Вечером Валя, присоединившись к людям, шла домой. Никто не думал, что завтра придется тут работать. Хотя штатские люди не совсем разбираются в тактике и стратегии, однако и они поняли, что немцы готовятся к наступлению.
Уже совсем стемнело, когда Валя, обессиленная, выбралась из леса. Шоссе гудело и плыло. Машины, пушки, обозы двигались на восток. Шли и ехали беженцы. На обочинах валялись чемоданы и узлы.
Сначала у Вали появилось желание, не заходя домой, пойти с этим потоком на восток.

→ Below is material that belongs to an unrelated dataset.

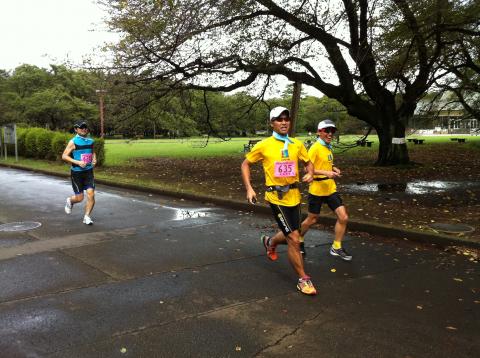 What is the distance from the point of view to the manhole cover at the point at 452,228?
23.1 ft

Только крайняя усталость и какой-то неясный страх остановили ее, и она вслед за своими односельчанами стала отдаляться от бурлящей лавины беженцев. «Завтра, завтра...» — повторяла про себя Валя.
А назавтра, под утро, еще не успело взойти солнце, начался бой на подступах к городу. Больше часа били пушки. Темная дымовая завеса поднялась на юго-востоке. Взрывы сливались в сплошной тяжелый, угрожающий гул, от которого дрожала земля.
Трое суток стоял над шоссе назойливый рев моторов. Черной тучей наступали немцы. И у Вали впервые за эти дни появилась тревожная мысль: «А выстоим ли мы перед такой силой?»
Увидела Валя немцев только на четвертый день после их прихода. Она была во дворе, когда к избе, поставив велосипеды на улице, направились трое немцев. У Вали похолодело внутри, когда она увидела, что прямо на нее идет, стуча тяжелыми сапогами, коренастый пожилой немец с седыми волосами, стриженными ежиком, с засученными рукавами, в зеленоватом мундире с большущими карманами. Немец что-то сказал, но Валя не повяла, хотя немного и знала их язык. Она растерянно молчала. Тогда он улыбнулся, обнажив две подковы блестящих зубов, и сказал выразительно по-польски:
— Млека, паненка!
За его спиной стояли два молодых солдата, оба русые, длинноволосые, и тоже улыбались, а она не шевелилась, как прикованная, и ничего не могла произнести.
— Не буй сен,— снова сказал пожилой немец.
Она поняла это, как и слова про молоко, кивнула головой и пошла в избу. Хозяйки как раз не было, Валя сама взяла с полочки полный кувшин свежего молока и вынесла на улицу. Она ждала, что немец прикажет ей попробовать сначала самой, но тот взял из ее дрожащей руки полную кружку и выпил за несколько глотков. За ним, не сводя с Вали глаз, выпили молодые солдаты. Они переглядывались между собой и улыбались.
Передохнув, немцы выпили еще по кружке. Они все время говорили о чем-то, но очень быстро, и Валя ничего не поняла, кроме знакомых слов: «молодая», «большевики». Наконец солдаты сказали «данке» и пошли к своим велосипедам, оглядываясь и улыбаясь Вале.
А она, пораженная, долго стояла во дворе. Вот они, завоеватели...
«Смотри, карманы какие... Весь мир хотят в них положить. «Млека, паненка». Гады! Польшу уже ограбили, язык специально изучили, чтоб поляки не могли ничего утаить... Скалятся, добренькие... Да только возрази им, как сразу покажут волчью натуру. Недаром в руках такое оружие...»
Так думала Валя, стоя на пороге и печально глядя вдаль...
Прошло несколько дней, и немцы начали вводить «новые» порядки. Как грибы после дождя, появлялись старосты, бургомистры, полиция. Безо всякого суда, по доносу расстреливали людей — коммунистов и бывших активистов.